> Exercise data
● ● ●

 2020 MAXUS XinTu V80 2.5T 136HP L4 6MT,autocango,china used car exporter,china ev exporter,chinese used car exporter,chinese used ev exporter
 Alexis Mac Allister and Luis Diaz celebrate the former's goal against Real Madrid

● ● ●

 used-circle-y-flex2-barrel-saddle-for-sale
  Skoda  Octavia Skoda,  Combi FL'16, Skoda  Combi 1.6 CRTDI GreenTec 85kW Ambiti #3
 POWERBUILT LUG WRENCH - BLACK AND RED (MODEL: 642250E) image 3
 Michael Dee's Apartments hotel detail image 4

● ● ●

> What this task involves
Using the records above, write out exactly the lines between the one holding "POWERBUILT LUG WRENCH" and the one holding "Michael Dee's Apartments", inclusive; leave everything else out.

> Completed exercise
 POWERBUILT LUG WRENCH - BLACK AND RED (MODEL: 642250E) image 3
 Michael Dee's Apartments hotel detail image 4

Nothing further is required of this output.